• [INFORMATION GIVEN]
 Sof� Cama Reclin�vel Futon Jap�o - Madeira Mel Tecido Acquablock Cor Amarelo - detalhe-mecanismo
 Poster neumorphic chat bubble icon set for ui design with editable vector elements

---

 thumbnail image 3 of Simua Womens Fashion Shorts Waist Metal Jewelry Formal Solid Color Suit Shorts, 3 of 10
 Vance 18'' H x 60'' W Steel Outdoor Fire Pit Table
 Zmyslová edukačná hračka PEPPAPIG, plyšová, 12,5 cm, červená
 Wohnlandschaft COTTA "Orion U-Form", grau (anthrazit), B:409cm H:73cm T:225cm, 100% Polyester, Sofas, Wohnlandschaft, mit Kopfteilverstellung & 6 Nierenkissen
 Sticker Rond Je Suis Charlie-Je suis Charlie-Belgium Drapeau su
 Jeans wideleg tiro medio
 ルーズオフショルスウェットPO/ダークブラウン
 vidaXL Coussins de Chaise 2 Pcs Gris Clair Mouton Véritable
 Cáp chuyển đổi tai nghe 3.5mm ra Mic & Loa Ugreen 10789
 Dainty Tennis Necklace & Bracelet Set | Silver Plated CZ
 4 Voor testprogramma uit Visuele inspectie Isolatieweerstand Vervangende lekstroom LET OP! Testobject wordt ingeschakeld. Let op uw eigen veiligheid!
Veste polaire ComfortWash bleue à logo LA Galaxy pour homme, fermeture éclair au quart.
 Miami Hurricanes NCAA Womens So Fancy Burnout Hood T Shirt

---

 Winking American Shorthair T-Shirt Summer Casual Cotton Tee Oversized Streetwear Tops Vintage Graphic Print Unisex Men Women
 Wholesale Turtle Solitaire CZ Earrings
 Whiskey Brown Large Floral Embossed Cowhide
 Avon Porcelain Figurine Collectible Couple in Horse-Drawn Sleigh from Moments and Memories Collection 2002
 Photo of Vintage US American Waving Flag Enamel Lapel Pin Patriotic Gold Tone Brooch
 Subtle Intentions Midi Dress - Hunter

• [WORK INSTRUCTIONS] Among the entries above, some lines may hold the string "Shirt". State how many, and give nothing but the number.

• [ANSWER] 2